Cet article ne posait guère de problème quand à son interprétation dès lors que ces baux présentaient un caractère commercial. Et la révision du loyer s’effectuait si nécessaire selon les règles applicables du statut. La cour de cassation en effet jugeait que la révision du loyer selon ces textes n’était applicable qu’autant qu’ils présentaient un caractère commercial, industriel ou artisanal (Com. 11 juillet 1961, Bull. 1961-3-279, Ann.L.1962-131).
La jurisprudence ultérieure, il est vrai peu abondante sur ce sujet, était en ce sens. Un autre arrêt de la cour de cassation était encore très clair : « …le prix pouvait en être révisé par application des dispositions du décret du 30 septembre 1953 » ( Civ. 3°, 11 juin 1986, Bull. n°93, p.74).
La doctrine ne trouvait rien à redire. Voir notamment : M. Pédamon, Baux commerciaux, 1979, p.25 ; Robert Martin, René Maus et Pierre Lafarge, Manuel des baux commerciaux, Dalloz 1957, n°49, p.38 ; J. Deruppé, René Maus, G. Brière de l’Isle, R. Lafarge, Manuel des baux commerciaux, D 1979, n°47, p. 27 ; Jean Pierre Blatter, Traité des baux commerciaux, 5° éd., Le moniteur, 2012, p. 49 ; Anne d’Andigné-Morand, Baux commerciaux, 16 ° éd. Delmas, 2012, n° 22-12 ; Jean Debeaurain, Guide des baux commerciaux, 17° éd. Ann. Loy. 2013, n° 107.

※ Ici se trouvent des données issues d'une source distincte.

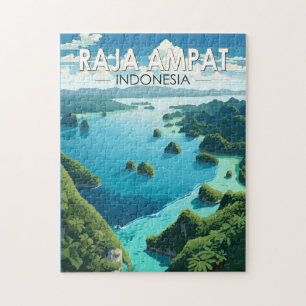Raja Ampat Indonesia Reizen Kunst Vintage Legpuzzel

Mais la cour de cassation dans une curieuse décision du 19 février 2014 (civ. 3°, n°12-19270) écarte une telle révision au motif soulevé d’office que les dispositions des articles L 145-3 et L 145-33 du code de commerce ne s’appliquent pas au loyer du bail emphytéotique prévu à l’article L 451- 3 du code rural au terme duquel le preneur, titulaire d’un droit réel pendant sa durée, ne bénéficie d’aucun droit au renouvellement ni à indemnité d’éviction. On ne voit pas la nécessité de rappeler ces deux évidences (Ce raisonnement laisse perplexe également Mme Lipmann-Boccara, Adm., mai 2014-36) pour écarter la révision de l’article L 145-3 du code de commerce, sauf à admettre une réalité emphytéotique qui doit être caractérisée dans chaque contrat. Autrement dit le bail emphytéotique établi par référence aux articles L 451-3 et suivants du code rural et qui a priori a une vocation rurale serait soumis à ces seuls articles, tandis que celui établit exclusivement ou complémentairement au visa de l’article L 145-3 du code de commerce bénéficierait éventuellement de la révision statutaire en raison de sa vocation commerciale. L’arrêt nous renseigne peu sur la rédaction du bail si ce n’est que l’activité déployée était de nature commerciale. La cour de cassation ce serait- elle attachée uniquement à la lettre du contrat ? C’est peu probable. A moins qu’elle soit peu encline à favoriser ces baux dérogatoires ! Quoi qu’il en soit, les praticiens doivent rester prudents malgré tout dans la façon de rédiger ces baux, car cet arrêt, par sa publication au Bulletin, n’est pas anodin.